Wednesday, December 24, 2008

Retirement plan fiduciaries face new risks in historically safe investment options


By Keith Soranno November 9, 2008

In the wake of the market meltdown and the current credit crisis, 401(k) plan participants are agonizing over the dramatic decline in the value of their portfolios. Investment options previously considered safe — fixed-income and cash equivalents — have proven to be highly volatile.

And, while investors in their 20s and 30s may have time to make up even a 30% loss, a boomer retiree can suffer permanent financial damage with a 10% loss. The underlying fact is that all variable investment options, even fixed-income and cash-based options, carry market risk, and always have.

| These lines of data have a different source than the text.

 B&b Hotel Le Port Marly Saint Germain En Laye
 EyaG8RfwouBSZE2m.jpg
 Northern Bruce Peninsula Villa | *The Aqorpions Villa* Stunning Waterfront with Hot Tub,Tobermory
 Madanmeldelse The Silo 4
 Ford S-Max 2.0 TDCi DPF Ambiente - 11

Plan sponsors typically have been very concerned about lawsuits pertaining to suitability of equity investment options ... and less concerned about the cash and fixed-income options and the holdings within those options. ...

They have focused intently on benchmarking the equity funds versus their peers and indexes, with little concern about the potential volatility of fixed and cash options. In this environment, fiduciaries need to focus at least as much effort on fixed-income and cash investment options as they do on the equity options in their retirement plans.

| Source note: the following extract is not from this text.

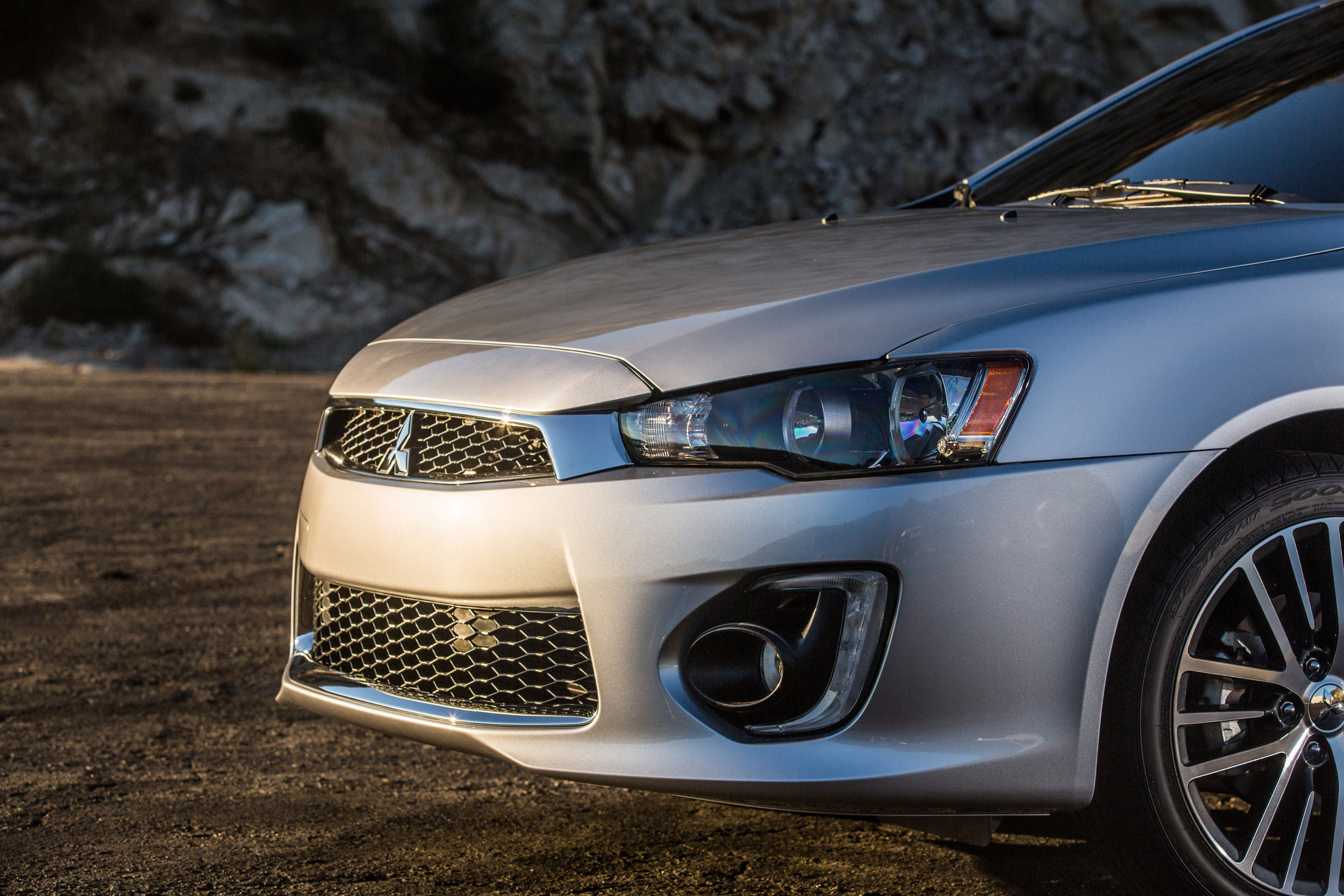 Mitsubishi Lancer GT photo #22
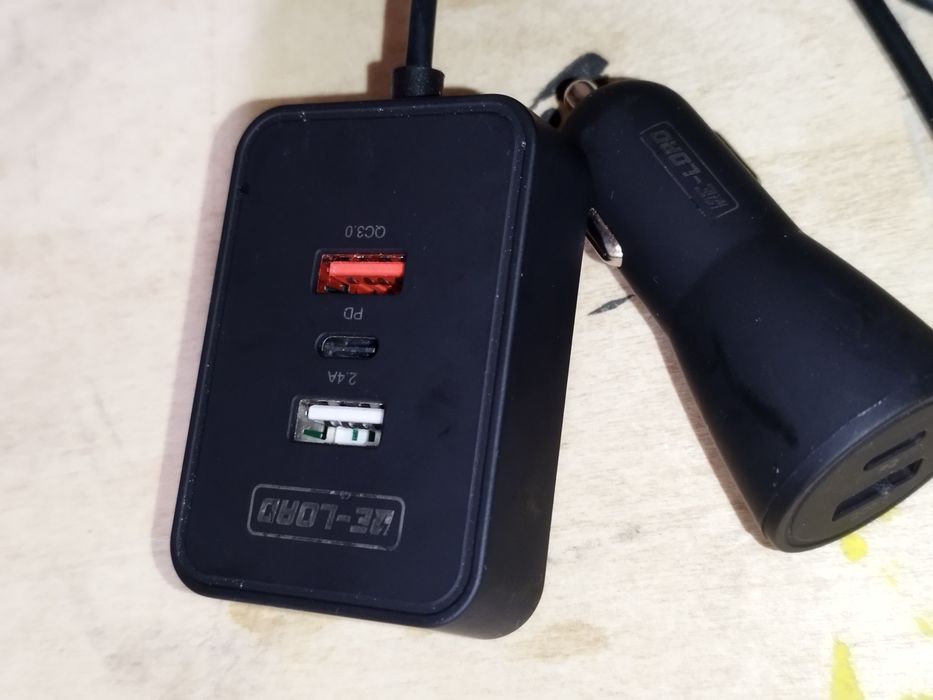 Re-load 52W – Szybka ładowarka samochodowa z 5 portami USB!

Plan sponsors can mitigate this risk by taking an active look at the overall makeup of their fixed-income and cash portfolios. Here are some steps to take:

• Ask your vendors and managers for their views on the market and their investment strategies for weathering the storm.

• Add additional fixed and cash accounts that allow your plan participants to fully diversify. If necessary, add options whose holdings are materially different to ensure that participants have a well-diversified safe harbor to help weather financial storms.

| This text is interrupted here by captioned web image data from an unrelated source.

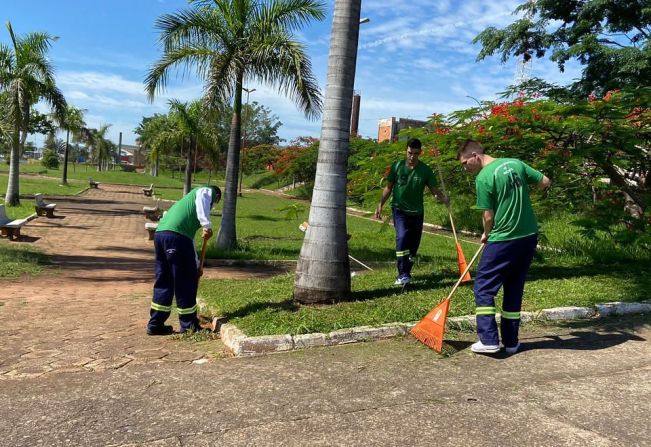 REEDUCANDOS VOLTAM A AUXILIAR NOS SERVIÇOS DA PREFEITURA PELA CIDADE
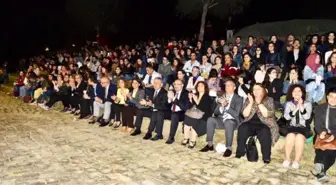 İzmir Körfezi'nde Yüzer Platformda Konser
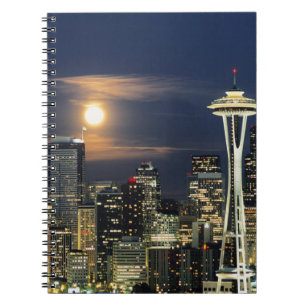 Washington, Seattle, Skyline bei Nacht von Kerry 1 Notizblock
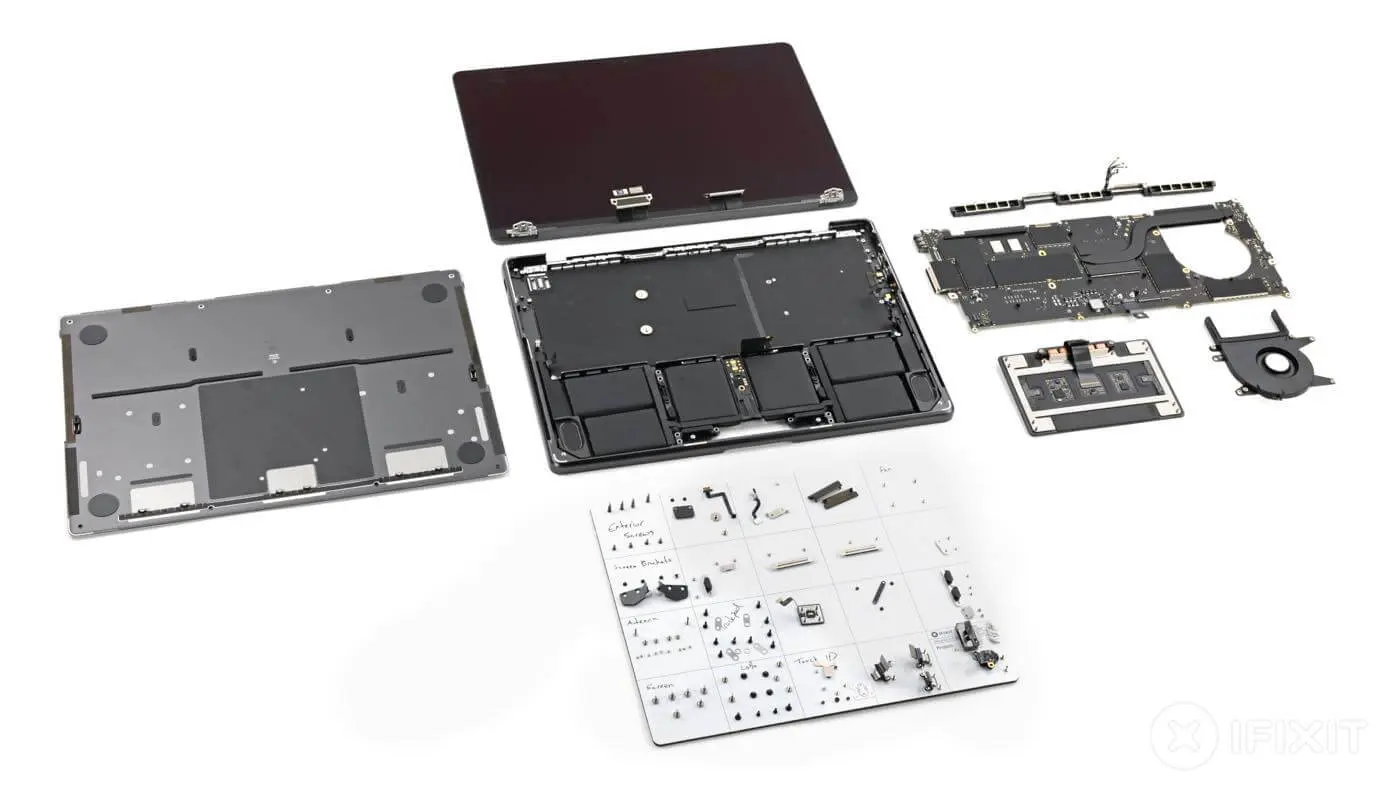 MacBook Pro M5 チップ　開封一週間 iFixit、M5搭載｢MacBook Pro 14インチ｣の分解レポートを公開｜内部に
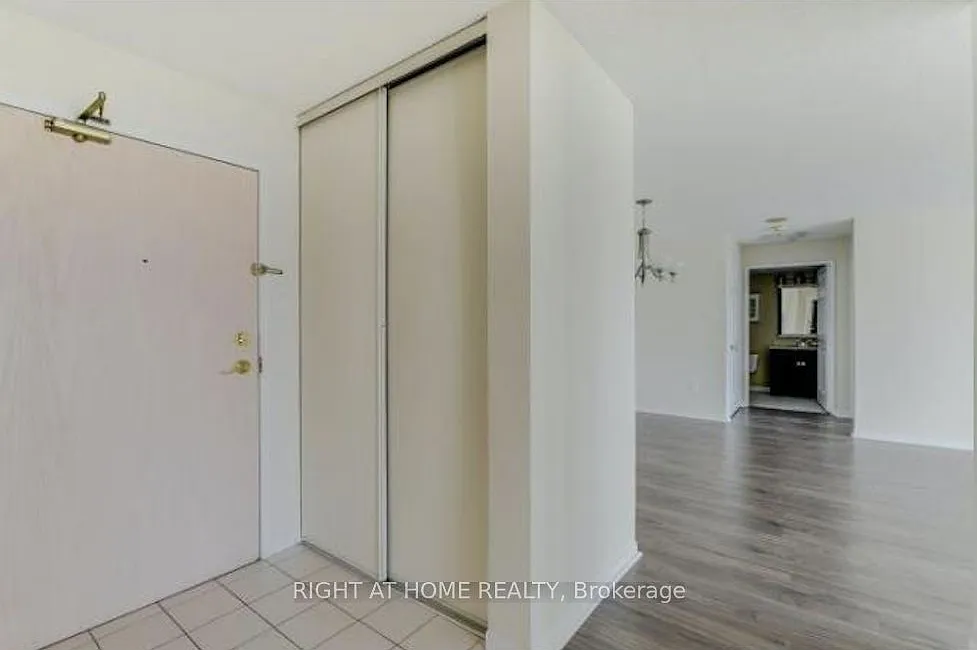 3 bed, $2,950 — Photo 3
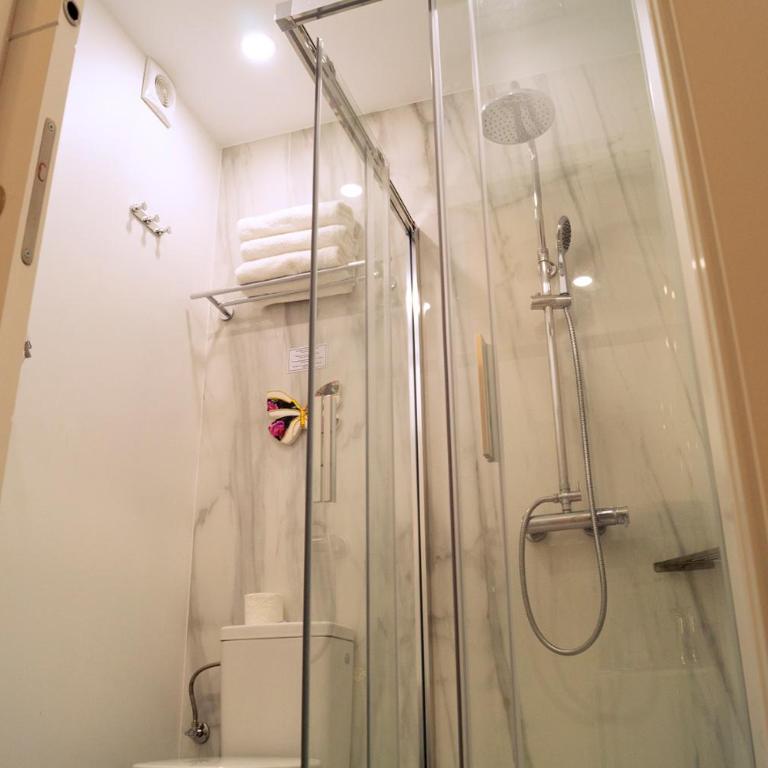 Chueca - Room Apartments - Studio (3 Adults) - Calle Valverde 25 - 5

• Monitor your fixed-income investment options closely, applying the same logic to monitoring these options as you do with your equity strategies.

While risk in equity funds is more transparent than ever in retirement plans, fixed-income and cash accounts may be the next big wave of fiduciary exposure for plan sponsors. They need to be aware of all risks and strategies they can use to reduce their exposure, then take steps to offer diversity and reduce risk.

Keith Soranno is a regional sales executive with Securian Retirement Distributors of St. Paul, Minn.